E enxoto do sábado, a Musa, a Primavera e a Cotovia

segunda-feira, agosto 20, 2007

ORECIC

Há uma demanda dos que me cercam direta ou indiretamente pelo significado de um boteco perdido no fim de uma rua desapercebida chamado ORECIC. A curiosidade é despertada toda vez que eu tracejo: “Vou ao ORECIC”, ou, de uma maneira mais gostosa, “Vou tomar uma no ORECIC”. A resposta é automática em todos os casos: “o que diabos é o ORECIC?”.
Ao explicar de maneira rápida e sem muitos detalhes que o ORECIC é o bar onde eu me reúno com os meus comparsas nas tardes do sábado, um mito inexplicável é criado. Para tantos e tantos, o ORECIC é um diamante incrustado no alheio dos que buscam os bares da moda; um cantinho familiar onde uma comida com tempero inenarrável é preparada, onde a cerveja é geladíssima, onde, às quintas, Cartola, Paulinho da Viola e Chico Buarque fazem uma roda de samba, e Camila Pitanga pega um avião completamente disfarçada só para sentar ao lado da gente e compartilhar da espuma do chopp geladíssimo vindo diretamente do Capela no Rio de Janeiro.
O ORECIC pode ainda ser um reduto gastronômico para iniciados, onde acepipes conservados em receitas familiares pernambucanas de gerações ancestrais permanecem inalteradas pela mão de ferro de uma grande cozinheira.
Muitos pedem para ir lá. Querem compartilhar do mistério que parece existir nessa palavra incompreensível, nessa mitologia que se alimenta das poucas palavras e do imaginário que rodeia essa instituição universal do ser humano: o bar.
Mas eu mantenho guardado a sete chaves esse meu assento sagrado, ainda que o ORECIC não seja nada disso, mas tão somente um lugar onde nos despimos de todas as convenções, gravatas, letras, gramáticas, físicas, matemáticas, sistemas, engenharias, bancos, automações. Onde somos reis de uma terra inóspita e nos orgulhamos do nossos títulos de digníssimos filhas de uma puta.

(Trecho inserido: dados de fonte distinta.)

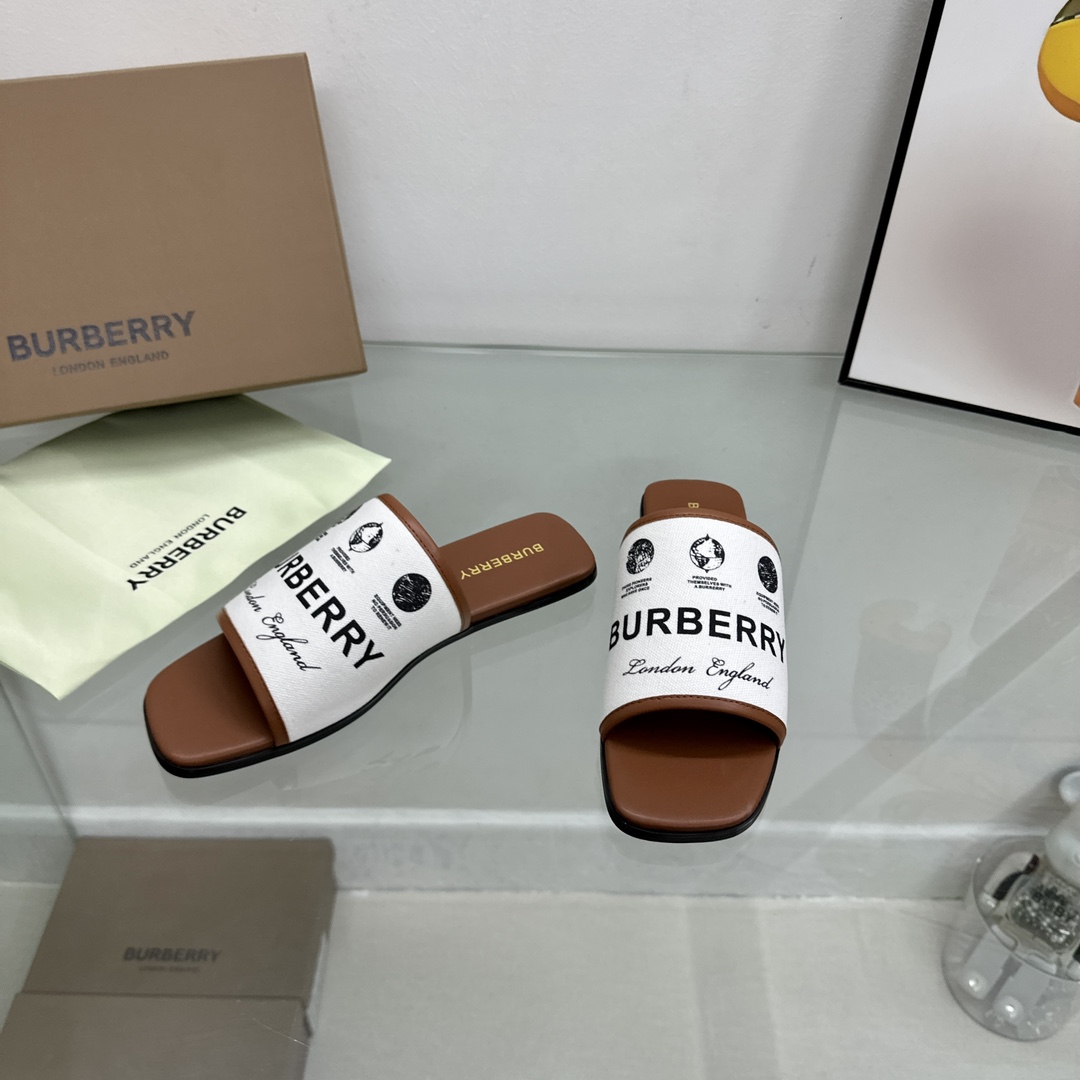 Bagsaaa Bv*b*rry Letters Canvas White Slides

segunda-feira, agosto 06, 2007

Fazer anos

Deu-se que fiz anos antes da data do meu aniversário.

Padecendo da febre da dengue (e porque não sei ficar fora da moda), sentei-me na poltrona e fiz a única coisa possível para quem sente o corpo como se fosse um estorvo: fiquei imóvel, assistindo televisão. Para minha grata surpresa, a providência teve pena de mim e determinou que o canal “Telecine Cult” passasse “Roma de Fellini” para que eu pudesse esquecer um pouco das minhas fraquezas (eu gosto de pensar assim: a providência olhou para André e...). “Roma” é um filme belíssimo, com uma peculiar indefinição entre o documentário e a ficção, mas totalmente pensado através das percepções de Frederico Fellini sobre Roma, cidade que o contextualiza. Ao longo do filme, Fellini e Roma se misturam como personagens principais dentro da homenagem pintada com tintas impressionistas.

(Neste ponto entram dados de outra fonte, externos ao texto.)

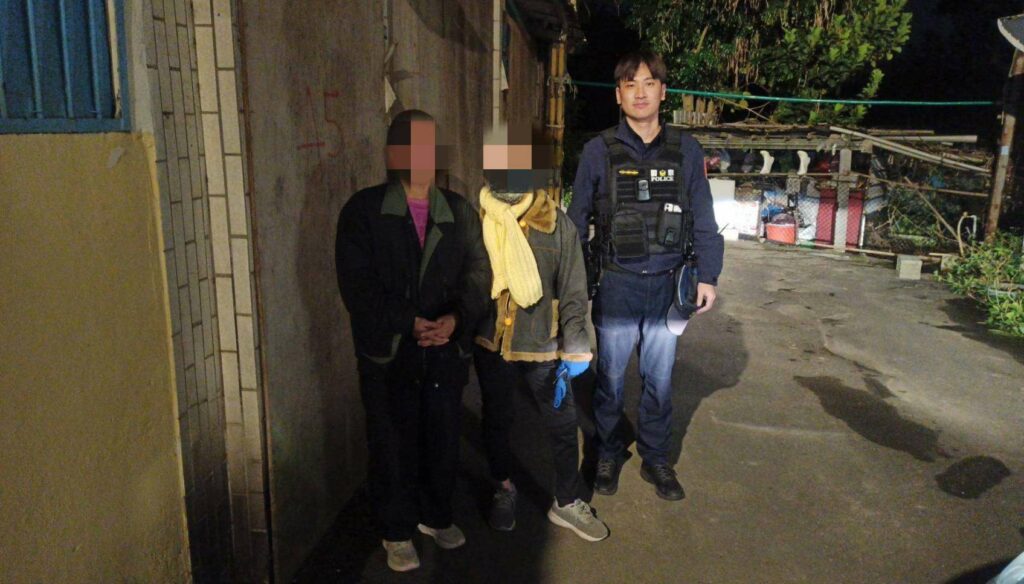 跨國祖孫逛街走散-大園警靠這招化解驚魂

Sentado na minha poltrona pude entender que apenas quem sente o peso dos anos, dentro de um contexto de cidade poderia fazer uma homenagem como aquela. Não apenas uma homenagem à Roma, mas uma homenagem a si mesmo, como homem que compreende a cidade e as circunstâncias histórias que o cercam. Perder-se no seu contexto histórico é uma forma de se eternizar.

Ali, vendo aquela homenagem de Fellini à Roma, lembrei-me de uma viagem que fiz quando ainda tinha dezenove anos de idade. A Europa comemorava o centenário do cinema. Em Roma, entrei em uma exposição sobre Fellini e encontrei-me com o figurino utilizado por ele no filme que comento. Filme que só assistiria mais de uma década depois, padecendo da dengue.

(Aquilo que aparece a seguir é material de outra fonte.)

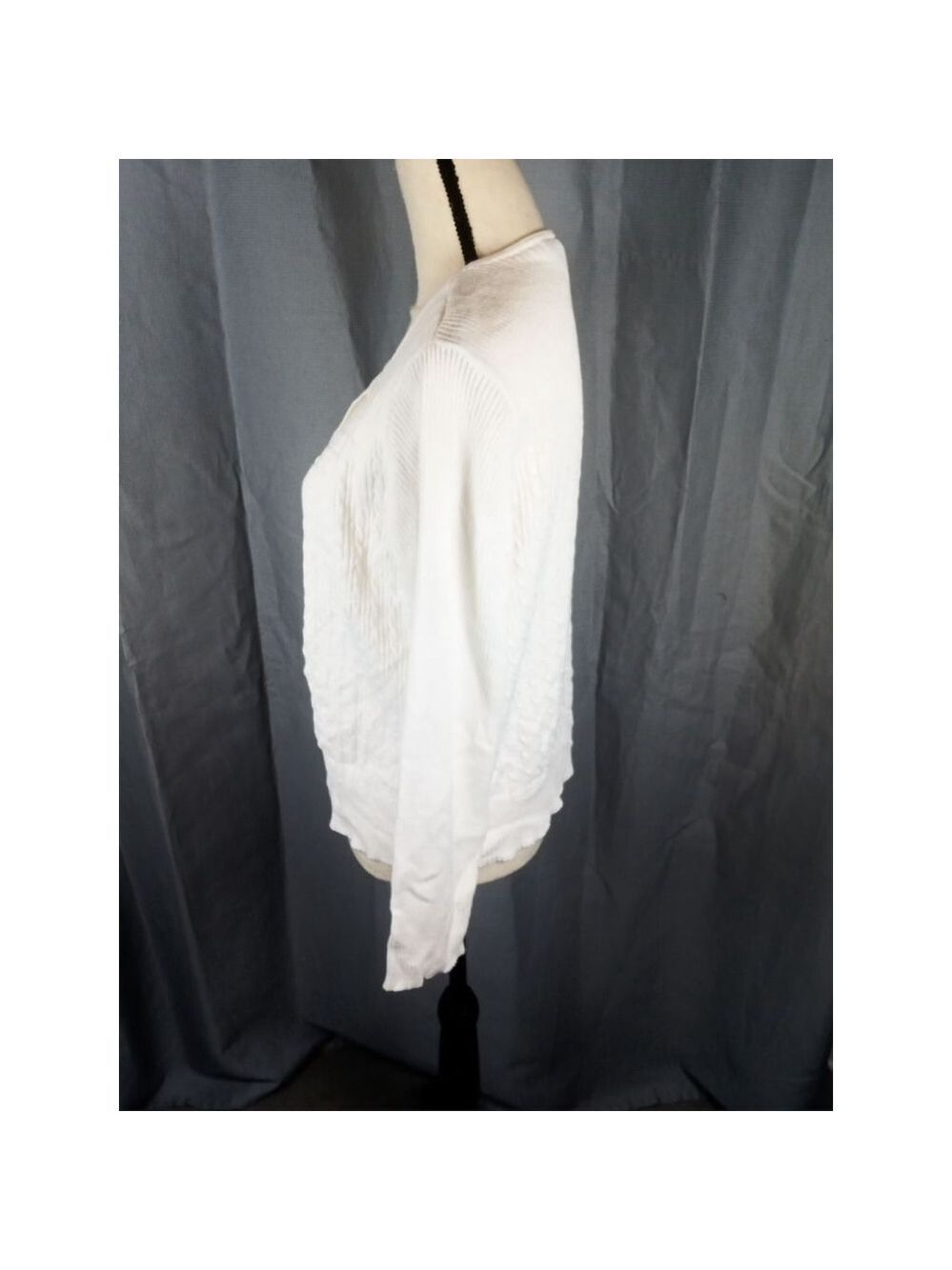 Women's Liz Claiborne Petite Cardigan MP White - Picture 2 of 4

Ao lembrar daquele instante no passado, vendo os mesmos figurinos observados ao vivo tanto tempo atrás, abriu-se uma janela imaginária na minha sala, e eu pude ver aquele jovem que eu era quando possuía vinte anos. Todas as escolhas que eu já fiz hoje ainda sequer eram pensamentos na minha cabeça e tudo estava impregnado de uma flexibilidade que não existe mais. Flexibilidade de moldar a vida de acordo com a vontade.

Como se pudesse perceber minha presença observadora, o jovem que eu fui olhou para mim e deu um sorriso do canto da boca, em respeito ao que sou. A imagem se desfez e o filme prosseguiu. Naquele momento eu havia feito 32 anos de idade.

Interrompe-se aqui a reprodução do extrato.